Bike sharing systems are new generation of traditional bike rentals where whole process from membership, rental and return back has become automatic. Through these systems, user is able to easily rent a bike from a particular position and return back at another position. Currently, there are about over 500 bike-sharing programs around the world which is composed of over 500 thousands bicycles. Today, there exists great interest in these systems due to their important role in traffic, environmental and health issues.
Apart from interesting real world applications of bike sharing systems, the characteristics of data being generated by these systems make them attractive for the research. Opposed to other transport services such as bus or subway, the duration of travel, departure and arrival position is explicitly recorded in these systems. This feature turns bike sharing system into a virtual sensor network that can be used for sensing mobility in the city. Hence, it is expected that most of important events in the city could be detected via monitoring these data.
I downloaded the dataset Bike Sharing Dataset from the UCI machine learning database link.
rm(list = ls())
day <- read.csv("~/Desktop/UCSC//UCSC Data Analysis - R/Project/Bike-Sharing-Dataset/day.csv")
bk_sh_dy <- day
head(bk_sh_dy)
## instant dteday season yr mnth holiday weekday workingday weathersit
## 1 1 2011-01-01 1 0 1 0 6 0 2
## 2 2 2011-01-02 1 0 1 0 0 0 2
## 3 3 2011-01-03 1 0 1 0 1 1 1
## 4 4 2011-01-04 1 0 1 0 2 1 1
## 5 5 2011-01-05 1 0 1 0 3 1 1
## 6 6 2011-01-06 1 0 1 0 4 1 1
## temp atemp hum windspeed casual registered cnt
## 1 0.344167 0.363625 0.805833 0.1604460 331 654 985
## 2 0.363478 0.353739 0.696087 0.2485390 131 670 801
## 3 0.196364 0.189405 0.437273 0.2483090 120 1229 1349
## 4 0.200000 0.212122 0.590435 0.1602960 108 1454 1562
## 5 0.226957 0.229270 0.436957 0.1869000 82 1518 1600
## 6 0.204348 0.233209 0.518261 0.0895652 88 1518 1606
dim(bk_sh_dy)
## [1] 731 16
names(bk_sh_dy) ## names of the columns
## [1] "instant" "dteday" "season" "yr" "mnth"

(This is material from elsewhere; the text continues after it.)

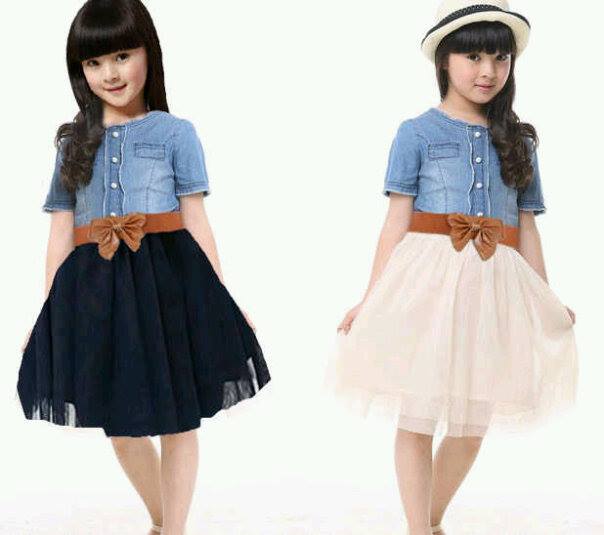 jeans baju tutu denim anak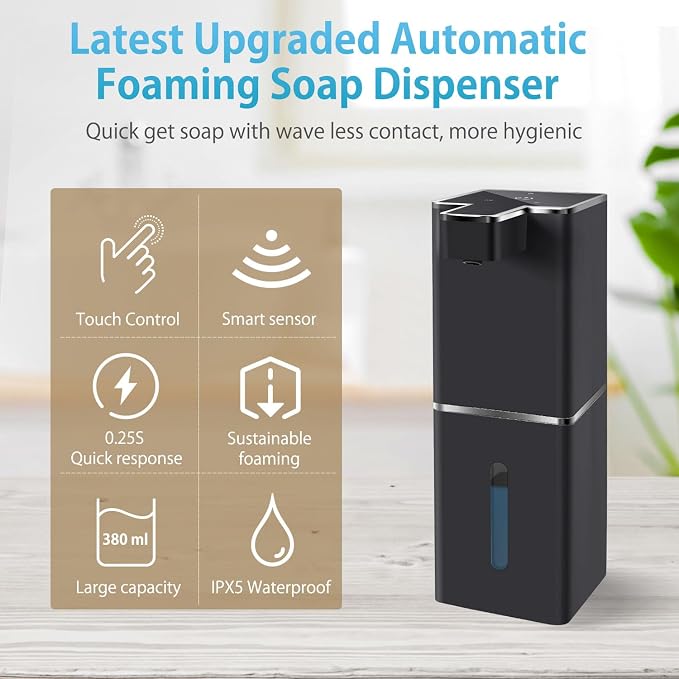 Automatic Foaming Soap Dispenser Touchless 380ml/12.8oz Rechargeable Hand Soap - Image 2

## [6] "holiday" "weekday" "workingday" "weathersit" "temp"
## [11] "atemp" "hum" "windspeed" "casual" "registered"
## [16] "cnt"
is.null(bk_sh_dy) ## Checking for null values
## [1] FALSE
is.integer(bk_sh_dy)
## [1] FALSE
bk_sh_dy<- data.frame(bk_sh_dy)
str(bk_sh_dy)
## 'data.frame': 731 obs. of 16 variables:
## $ instant : int 1 2 3 4 5 6 7 8 9 10 ...

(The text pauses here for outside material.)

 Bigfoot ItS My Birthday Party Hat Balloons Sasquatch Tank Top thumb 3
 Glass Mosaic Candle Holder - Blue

## $ dteday : Factor w/ 731 levels "2011-01-01","2011-01-02",..: 1 2 3 4 5 6 7 8 9 10 ...
## $ season : int 1 1 1 1 1 1 1 1 1 1 ...
## $ yr : int 0 0 0 0 0 0 0 0 0 0 ...
## $ mnth : int 1 1 1 1 1 1 1 1 1 1 ...
## $ holiday : int 0 0 0 0 0 0 0 0 0 0 ...
## $ weekday : int 6 0 1 2 3 4 5 6 0 1 ...
## $ workingday: int 0 0 1 1 1 1 1 0 0 1 ...
## $ weathersit: int 2 2 1 1 1 1 2 2 1 1 ...
## $ temp : num 0.344 0.363 0.196 0.2 0.227 ...
## $ atemp : num 0.364 0.354 0.189 0.212 0.229 ...
## $ hum : num 0.806 0.696 0.437 0.59 0.437 ...
## $ windspeed : num 0.16 0.249 0.248 0.16 0.187 ...
## $ casual : int 331 131 120 108 82 88 148 68 54 41 ...
## $ registered: int 654 670 1229 1454 1518 1518 1362 891 768 1280 ...
## $ cnt : int 985 801 1349 1562 1600 1606 1510 959 822 1321 ...
instant: record index
dteday: date
season: season (1:spring, 2:summer, 3:fall, 4:winter)
yr: year (0: 2011, 1:2012)
mnth: month ( 1 to 12)
holiday: weather day is holiday or not (extracted from http://dchr.dc.gov/page/holiday-schedule)
weekday: day of the week
workingday: if day is neither weekend nor holiday is 1, otherwise is 0.
weathersit:
1: Clear, Few clouds, Partly cloudy
2: Mist and Cloudy, Mist and Broken clouds, Mist and Few clouds, Mist
3: Light Snow, Light Rain and Thunderstorm and Scattered clouds, Light Rain and Scattered clouds
4: Heavy Rain and Ice Pallets and Thunderstorm and Mist, Snow and Fog
temp: Normalized temperature in Celsius. The values are divided to 41 (max)
atemp: Normalized feeling temperature in Celsius. The values are divided to 50 (max)
hum: Normalized humidity. The values are divided to 100 (max)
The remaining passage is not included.